In Wolfgang’s post to Instagram he stated: “One hell of a run, Dave.”
Thankful and proud to be a small part of your amazing journey ?? pic.twitter.com/5xGcZ3CZ49— Wolf Van Halen ? ? ? (@WolfVanHalen) October 2, 2021
During an appearance on Metal Edge Magazine’s Another FN Podcast with Izzy Presley, author Greg Renoff (Van Halen Rising, Ted Templeman: A Platinum Producer’s Life In Music) said it’s not a total surprise to see Roth decide to retire given his many years of performing physically demanding concerts.
“My basic look at this from the little information I have, which is basically listening to Dave interviews and when I wrote the books is that I can only imagine that, after multiple orthopedic surgeries that Roth has talked about – listening to the Joe Rogan show, his biography – he just mentioned last year he had a spinal fusion. In the statement he made he talked about health concerns and real risks to his health. I can only imagine that the physical pain of trying to perform out on the road over and over again has got to be incredibly difficult,” said Renoff. “That has to be like an athlete reaching the end, like, ‘I can’t physically do it anymore. I just physically can’t do it. To think about that being the end of the Van Halen, Diamond Dave persona. His identity. I don’t mean that as like a character, I just mean – this is who he is. That has to be incredibly difficult to accept that it’s over.”

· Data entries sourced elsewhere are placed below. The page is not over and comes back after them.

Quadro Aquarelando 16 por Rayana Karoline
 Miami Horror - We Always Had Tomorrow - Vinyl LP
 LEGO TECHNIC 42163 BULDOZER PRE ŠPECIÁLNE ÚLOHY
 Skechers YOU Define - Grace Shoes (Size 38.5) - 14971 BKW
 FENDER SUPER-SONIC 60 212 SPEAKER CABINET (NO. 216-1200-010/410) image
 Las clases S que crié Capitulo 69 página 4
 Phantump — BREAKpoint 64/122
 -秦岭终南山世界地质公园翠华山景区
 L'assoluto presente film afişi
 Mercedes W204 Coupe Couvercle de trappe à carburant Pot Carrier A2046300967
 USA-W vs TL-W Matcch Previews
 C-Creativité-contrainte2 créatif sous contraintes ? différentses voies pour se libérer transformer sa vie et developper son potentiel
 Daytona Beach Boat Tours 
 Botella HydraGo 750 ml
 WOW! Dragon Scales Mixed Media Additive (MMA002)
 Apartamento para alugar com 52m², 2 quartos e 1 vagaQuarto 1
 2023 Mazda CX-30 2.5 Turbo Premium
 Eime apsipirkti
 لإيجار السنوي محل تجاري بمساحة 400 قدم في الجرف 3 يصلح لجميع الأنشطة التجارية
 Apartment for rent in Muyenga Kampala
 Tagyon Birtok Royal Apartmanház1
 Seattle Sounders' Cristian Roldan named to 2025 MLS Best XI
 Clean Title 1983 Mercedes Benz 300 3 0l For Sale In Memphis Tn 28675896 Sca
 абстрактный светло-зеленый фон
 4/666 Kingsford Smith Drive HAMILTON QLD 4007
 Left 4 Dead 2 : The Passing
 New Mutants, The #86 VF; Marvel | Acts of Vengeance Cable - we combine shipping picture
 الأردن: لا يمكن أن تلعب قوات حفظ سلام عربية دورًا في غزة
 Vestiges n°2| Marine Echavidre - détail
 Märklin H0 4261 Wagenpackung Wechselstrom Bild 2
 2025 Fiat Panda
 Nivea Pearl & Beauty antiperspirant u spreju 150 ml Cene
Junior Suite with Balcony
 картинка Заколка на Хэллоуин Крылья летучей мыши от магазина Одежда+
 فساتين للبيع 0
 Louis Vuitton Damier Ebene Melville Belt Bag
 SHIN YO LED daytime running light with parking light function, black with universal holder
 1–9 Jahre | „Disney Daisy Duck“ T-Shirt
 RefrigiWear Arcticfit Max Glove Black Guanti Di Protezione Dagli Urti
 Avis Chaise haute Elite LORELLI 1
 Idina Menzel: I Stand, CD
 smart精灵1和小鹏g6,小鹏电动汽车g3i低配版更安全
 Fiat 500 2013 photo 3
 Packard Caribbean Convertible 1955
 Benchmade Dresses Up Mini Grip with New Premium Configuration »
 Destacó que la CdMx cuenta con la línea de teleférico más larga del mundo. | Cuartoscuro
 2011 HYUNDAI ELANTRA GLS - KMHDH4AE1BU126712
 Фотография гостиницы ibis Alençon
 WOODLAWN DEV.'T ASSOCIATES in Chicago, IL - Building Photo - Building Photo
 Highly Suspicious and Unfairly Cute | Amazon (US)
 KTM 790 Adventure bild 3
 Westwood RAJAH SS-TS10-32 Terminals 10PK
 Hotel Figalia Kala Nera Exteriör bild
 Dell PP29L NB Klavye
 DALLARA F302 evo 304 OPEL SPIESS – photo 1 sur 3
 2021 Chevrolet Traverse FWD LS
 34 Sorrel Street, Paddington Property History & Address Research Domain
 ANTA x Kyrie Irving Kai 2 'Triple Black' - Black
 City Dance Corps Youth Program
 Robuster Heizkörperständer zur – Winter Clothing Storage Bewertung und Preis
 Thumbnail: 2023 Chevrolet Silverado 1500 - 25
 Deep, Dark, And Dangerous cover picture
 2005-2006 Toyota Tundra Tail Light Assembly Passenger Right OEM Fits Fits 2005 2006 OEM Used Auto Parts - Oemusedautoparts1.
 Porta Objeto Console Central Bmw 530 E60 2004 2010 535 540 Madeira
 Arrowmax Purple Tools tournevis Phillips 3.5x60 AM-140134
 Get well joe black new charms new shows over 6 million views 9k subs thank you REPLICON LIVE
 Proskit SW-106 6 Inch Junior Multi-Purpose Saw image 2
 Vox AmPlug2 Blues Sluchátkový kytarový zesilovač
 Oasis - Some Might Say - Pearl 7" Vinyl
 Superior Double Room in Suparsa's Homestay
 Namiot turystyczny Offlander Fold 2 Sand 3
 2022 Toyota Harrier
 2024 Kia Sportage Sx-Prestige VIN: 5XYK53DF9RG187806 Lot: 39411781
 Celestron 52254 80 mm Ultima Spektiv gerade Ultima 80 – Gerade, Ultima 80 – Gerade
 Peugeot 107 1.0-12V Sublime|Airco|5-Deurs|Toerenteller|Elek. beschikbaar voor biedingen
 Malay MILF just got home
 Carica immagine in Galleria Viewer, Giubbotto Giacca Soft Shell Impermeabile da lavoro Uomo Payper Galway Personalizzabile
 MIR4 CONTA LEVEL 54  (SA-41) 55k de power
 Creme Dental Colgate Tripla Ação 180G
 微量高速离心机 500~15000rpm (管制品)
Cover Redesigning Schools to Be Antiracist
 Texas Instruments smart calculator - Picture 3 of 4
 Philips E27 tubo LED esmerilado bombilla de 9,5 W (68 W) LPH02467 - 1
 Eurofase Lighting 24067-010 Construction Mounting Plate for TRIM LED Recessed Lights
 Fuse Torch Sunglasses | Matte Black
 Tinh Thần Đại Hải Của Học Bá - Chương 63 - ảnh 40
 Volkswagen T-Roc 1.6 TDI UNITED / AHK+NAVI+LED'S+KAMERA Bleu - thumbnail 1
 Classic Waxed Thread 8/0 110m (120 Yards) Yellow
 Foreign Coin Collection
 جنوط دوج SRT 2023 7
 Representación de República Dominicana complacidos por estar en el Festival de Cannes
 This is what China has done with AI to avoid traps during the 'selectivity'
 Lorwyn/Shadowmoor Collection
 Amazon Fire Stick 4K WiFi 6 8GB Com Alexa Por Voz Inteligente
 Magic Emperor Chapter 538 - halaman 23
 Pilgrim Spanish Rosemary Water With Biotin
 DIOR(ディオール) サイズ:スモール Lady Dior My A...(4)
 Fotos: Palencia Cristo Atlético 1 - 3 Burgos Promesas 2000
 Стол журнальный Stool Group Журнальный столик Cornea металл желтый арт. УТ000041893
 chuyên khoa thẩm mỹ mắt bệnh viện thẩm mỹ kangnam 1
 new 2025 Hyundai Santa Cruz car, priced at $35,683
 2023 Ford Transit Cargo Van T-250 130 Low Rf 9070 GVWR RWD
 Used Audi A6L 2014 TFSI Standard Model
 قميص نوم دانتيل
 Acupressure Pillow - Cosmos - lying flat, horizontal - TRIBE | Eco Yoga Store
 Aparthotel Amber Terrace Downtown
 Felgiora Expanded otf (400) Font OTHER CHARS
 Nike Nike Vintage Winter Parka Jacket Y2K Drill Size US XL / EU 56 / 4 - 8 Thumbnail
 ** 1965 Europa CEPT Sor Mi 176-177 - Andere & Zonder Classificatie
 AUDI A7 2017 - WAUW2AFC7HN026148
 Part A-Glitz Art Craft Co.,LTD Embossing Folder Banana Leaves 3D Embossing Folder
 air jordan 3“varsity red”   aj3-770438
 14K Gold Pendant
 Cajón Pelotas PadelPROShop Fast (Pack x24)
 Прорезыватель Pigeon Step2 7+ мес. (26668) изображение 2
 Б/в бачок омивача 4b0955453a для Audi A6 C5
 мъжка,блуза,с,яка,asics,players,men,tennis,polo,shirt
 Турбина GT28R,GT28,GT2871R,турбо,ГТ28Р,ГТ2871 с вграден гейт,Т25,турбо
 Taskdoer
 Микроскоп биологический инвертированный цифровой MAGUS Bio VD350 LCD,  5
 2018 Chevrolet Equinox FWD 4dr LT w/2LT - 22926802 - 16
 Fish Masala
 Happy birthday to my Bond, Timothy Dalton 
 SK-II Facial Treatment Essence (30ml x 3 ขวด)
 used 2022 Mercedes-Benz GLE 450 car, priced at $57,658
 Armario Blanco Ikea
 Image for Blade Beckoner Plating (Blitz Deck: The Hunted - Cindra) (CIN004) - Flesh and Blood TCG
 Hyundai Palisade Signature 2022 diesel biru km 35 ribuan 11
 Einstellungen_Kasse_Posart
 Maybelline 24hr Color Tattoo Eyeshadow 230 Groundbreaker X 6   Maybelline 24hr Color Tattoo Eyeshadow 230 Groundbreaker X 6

In that same podcast, musician Brynn Arens (Flipp, Zen From Mars) speculated that there could be several reasons Roth decided to retire, most notably the death of Eddie Van Halen last year.
“I do know some people that were dancers with David Lee Roth in the first Vegas era, some of the women,” said Arens. “What word came down to me was that Dave often gets depressed and really bummed out. I think David Lee Roth, like all of us, on some level or another, suffers greatly from depression. And I think this episode with Eddie, between [his death] and his age and the shifting of the musical tides has really put him in a whirlwind. It appears as though, and I’m hoping, that Alex [Van Halen] has been his landing pad.”
Since Eddie’s death, Roth has mentioned Alex’s name often during interviews, including his most recent with the Las Vegas Review-Journal.
“Al and I have been talking,” said Roth. “I can’t speak for him just yet but he knows what I am about to say. We speak to each other constantly, two or three times a day. We laugh like pirates.”
Guitarist John 5 was asked to comment on Roth’s retirement during his recent appearance on The Jeremy White Podcast. He said now is the time to be thankful for the many memories Roth gave over the years.
“These are our superheroes, ya know? [But] they are human and a lot of them are starting to retire and I think that’s OK,” John said. “They’ve given us so much great music and so many amazing memories. If they wanna retire they know. I think it’s good for certain artists to say, ‘I’m gonna hang it up.’ Instead of us being upset and mad about it I just feel like, ‘Thank you for the music, the memories, and all of it.”
During a recent interview with Rolling Stone, guitarist Tom Morello shared John 5’s sentiment.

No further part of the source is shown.